Documents Relating to New Zealand's Participation in the Second World War 1939–45: Volume III
461 — The Prime Minister of New Zealand to the Secretary of State for Dominion Affairs
The Prime Minister of New Zealand to the Secretary of State for Dominion Affairs
Your telegram of 31 July.1
Consideration has been given to the plans for British Commonwealth participation in the Japanese war, as set out in your telegram of 5 July [No. 458] and in the Prime Minister's summary of the major operational decisions reached in the Anglo-American military discussions at Berlin.2
The difficulties I referred to in my telegram of 14 July [No. 459] have now been surmounted and proposals have now been approved by Parliament for participation in the British Commonwealth Force in the forthcoming operations against Japan.
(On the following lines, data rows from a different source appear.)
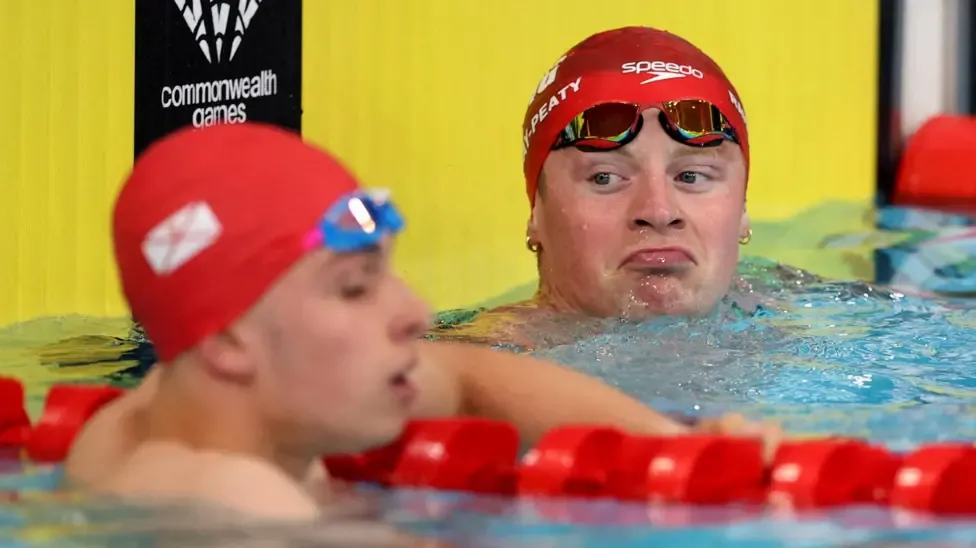 Adam Ramsay-Peaty and Filip Nowacki in the pool after their Commonwealth Games semi-final, with their heads visible above the water, both wearing red swimming caps, with goggles lifted to their foreheads.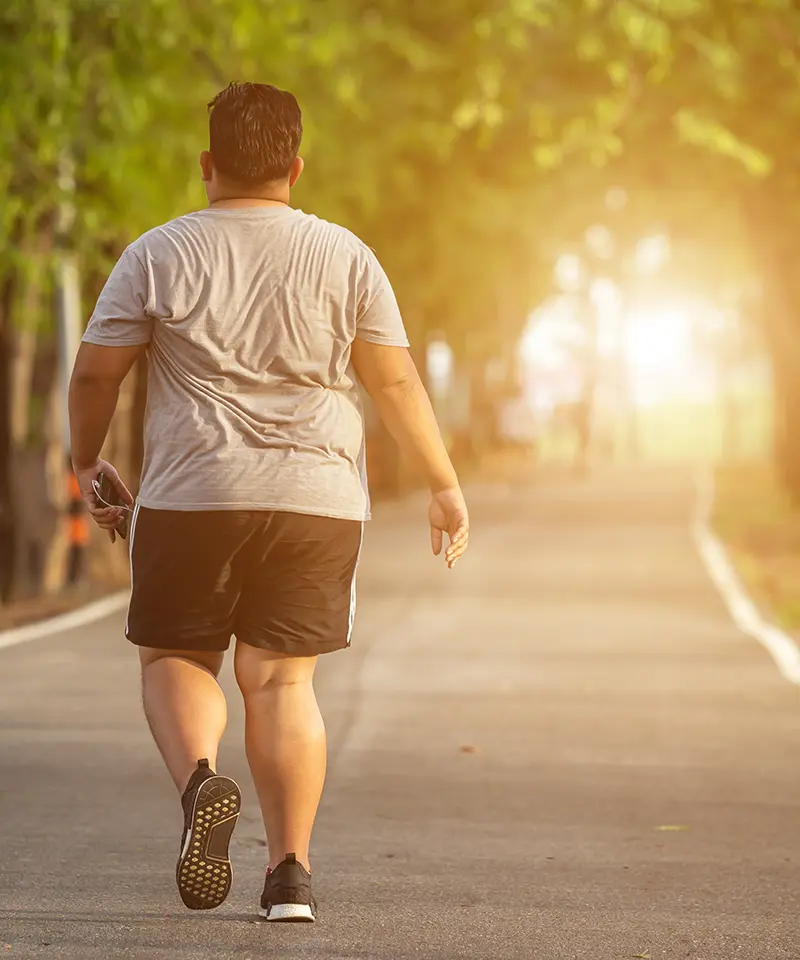 Overweight man walking outdoors on a sunny path, symbolizing the journey to improved fitness, health, and well-being through small, consistent actions. 2024. Mark Ludlow – The Life Changing Health Coach.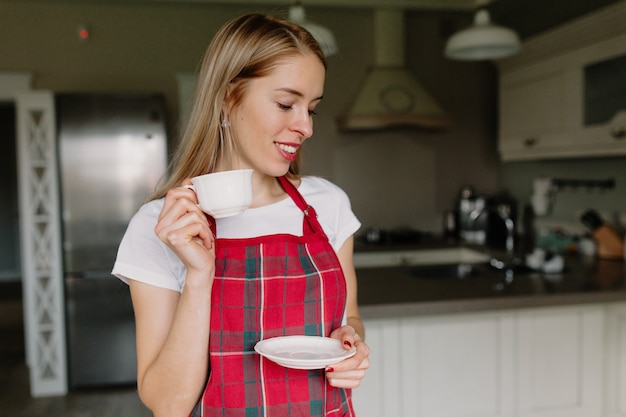 mujer tomando café en la cocina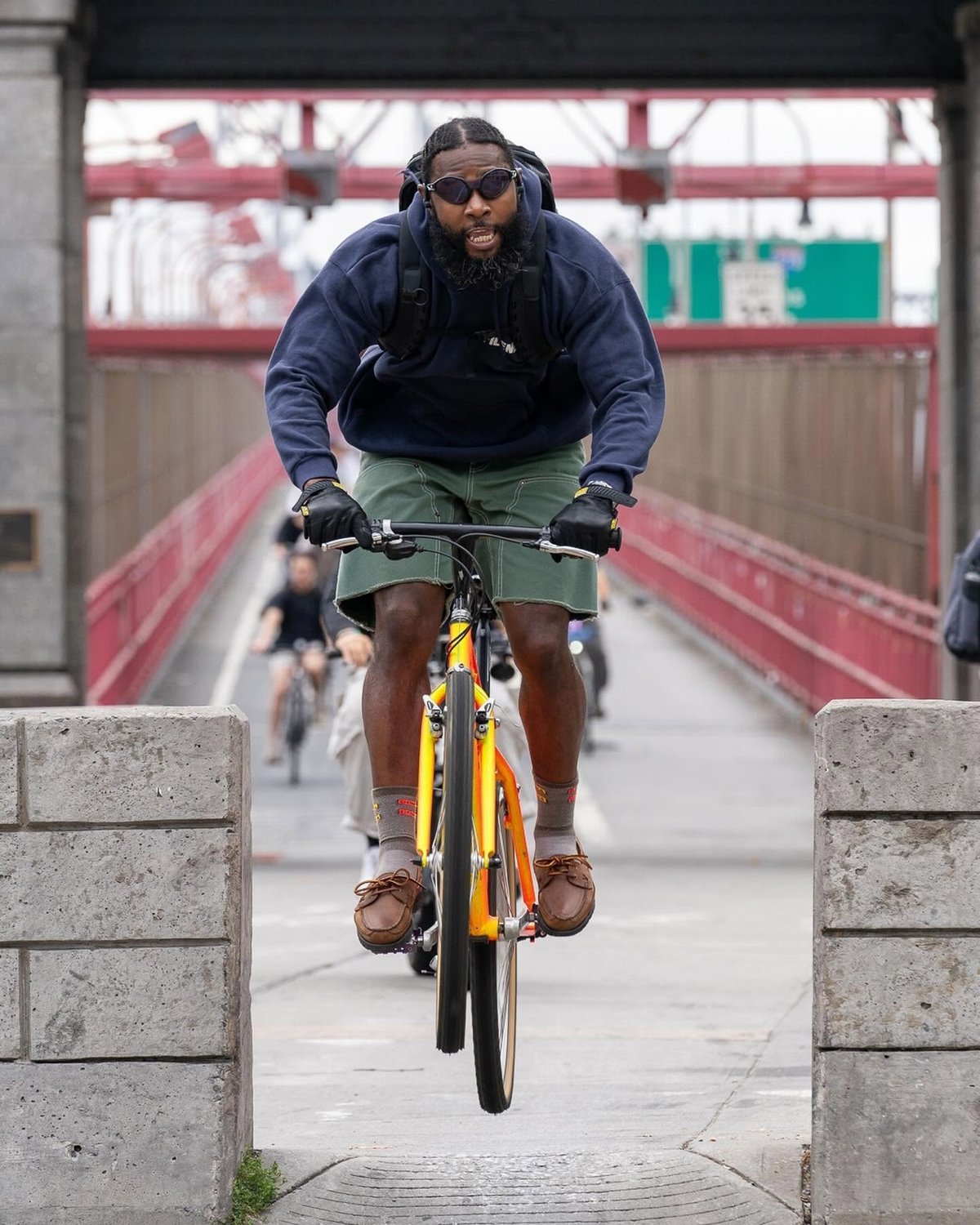 a biker exiting the Williamsburg Bridge bike path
It has been agreed that New Zealand shall contribute two infantry brigades with Headquarters and Line of Communication units, as suggested in paragraph 4 of your telegram [No. 458], and that the Royal New Zealand Air Force should form part of the air component. Ships of the Royal New Zealand Navy will continue to operate with the British Pacific Fleet.
This two-brigade force will be made up of 12,000 men now serving with the 2nd Division in the European theatre, together with 4000 troops at present held in New Zealand and a further contingent of 2000 reinforcements to be sent to the Middle East training centre this year. It is planned to send 3000 further reinforcements early in 1946.
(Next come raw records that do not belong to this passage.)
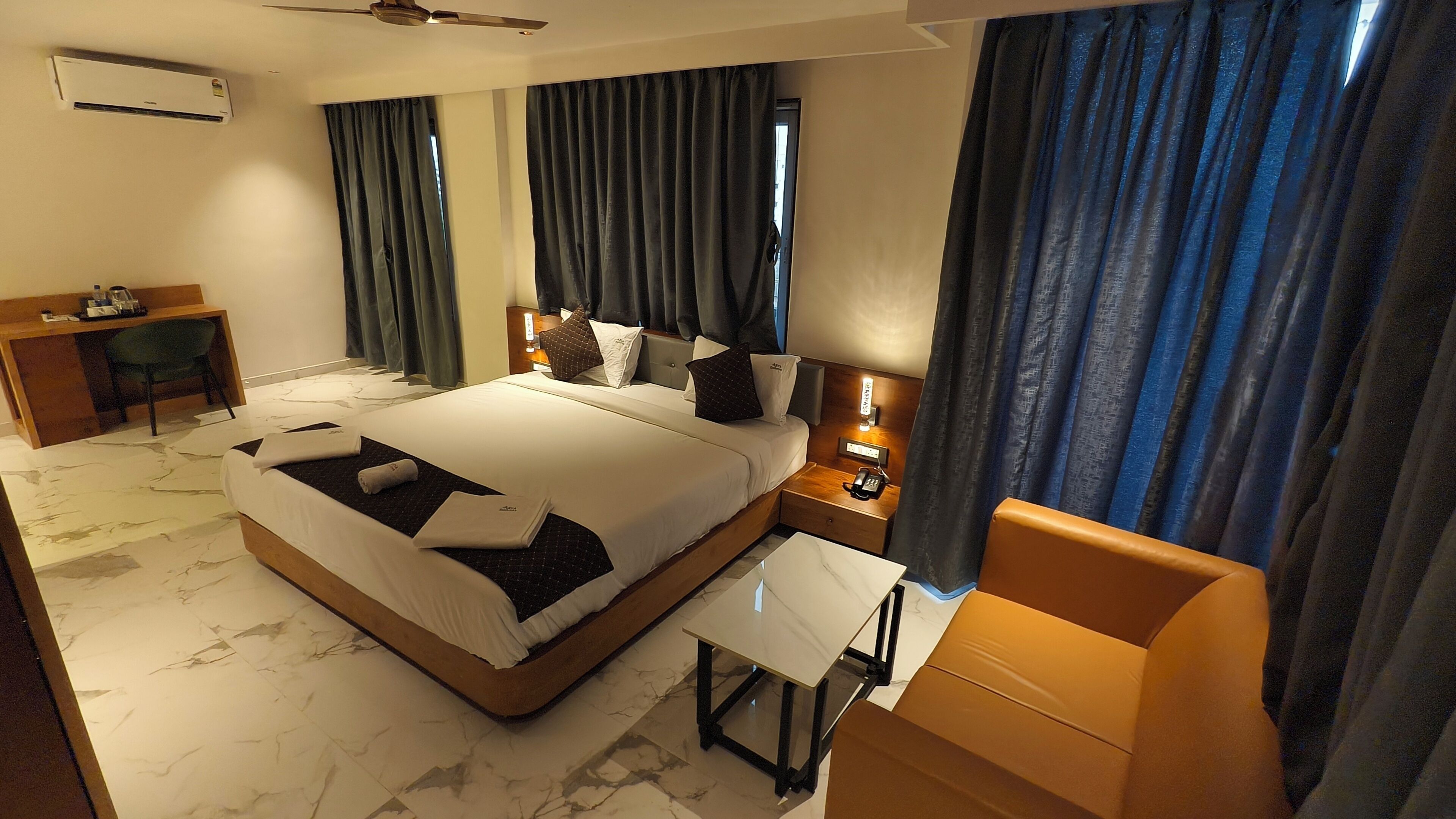A hotel room with a bed, bedside table, lamp, desk, chair, and curtains.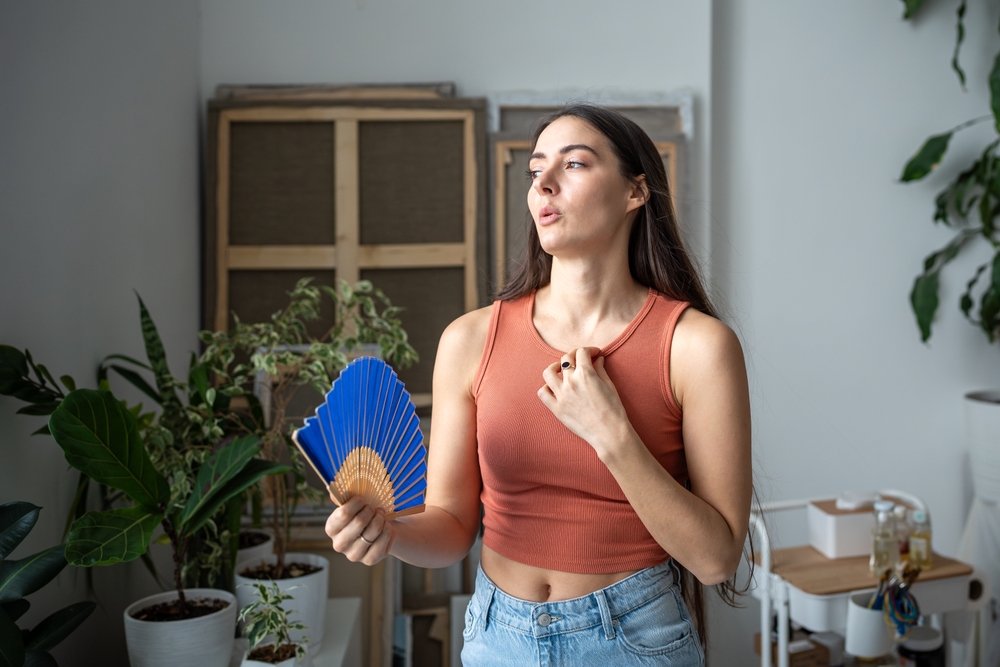 A woman in a sleeveless top fans herself with a blue hand fan while standing indoors among potted plants, highlighting the importance of indoor humidity for comfort and air quality. | C & C Heating & Air Conditioning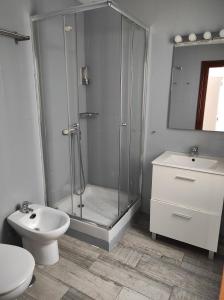 a bathroom with a shower and a toilet and a sink at Apartamentos CENTRO HISTORICO in Málaga +9 photos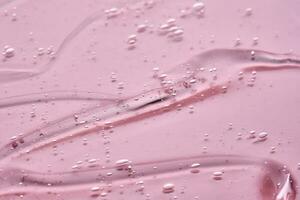 The texture of the cosmetic gel on a pink background. photo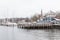 Flensburg town in winter. Coastal cityscape under cloudy sky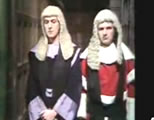 funny judges video link; thumb of Eric Idle and Michael Palin as poofy judges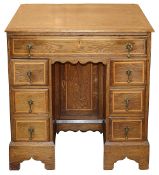 A George II oak and fruitwood crossbanded kneehole desk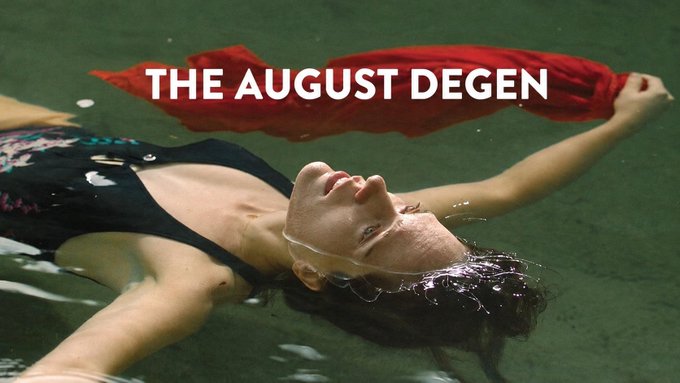 A cinematic still showing a woman in a black dress floating in dark green water, holding a red cloth, with the text 'THE AUGUST DEGEN' overlaid in white.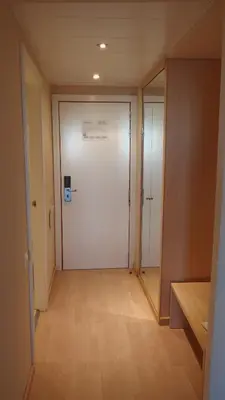 a hallway with a large white door and a mirror at Flag Hotel Valencia in Masalfasar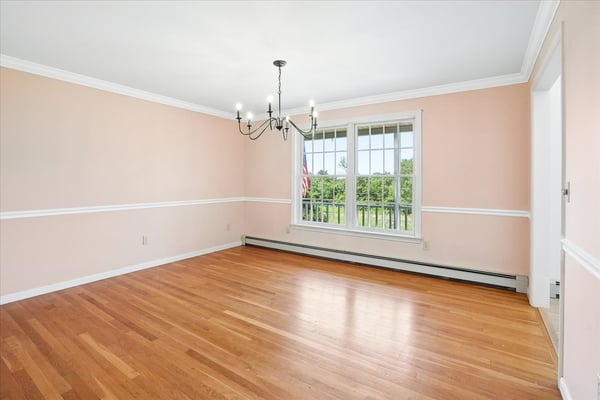 Spacious room with abundant natural light, featuring hardwood floors and a picturesque view. Perfect for customization.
Considerable difficulties are being experienced in New Zealand at the present time owing to manpower shortages which are gravely affecting production.
In agreeing to the formation of this new land force, the Government and Parliament both consider that it is necessary at the same time to effect drastic reductions in the other two Services, including the air formations at present serving in the Pacific. Moreover, it will only be possible to provide the necessary men for the proposed land force from New Zealand if a sufficient number of suitable men are returned promptly from overseas to take their places in essential industry.
It is therefore most essential that the 20,000 men from the 2nd Division who are due to return to New Zealand to be demobilised should arrive at the earliest possible date, and I would be most grateful if urgent attention could be given to the solution of existing difficulties in regard to the provision of the requisite shipping, which is referred to in my [earlier] telegram.1
1 See Vol. II, Return of 2nd Division to New Zealand, No. 471.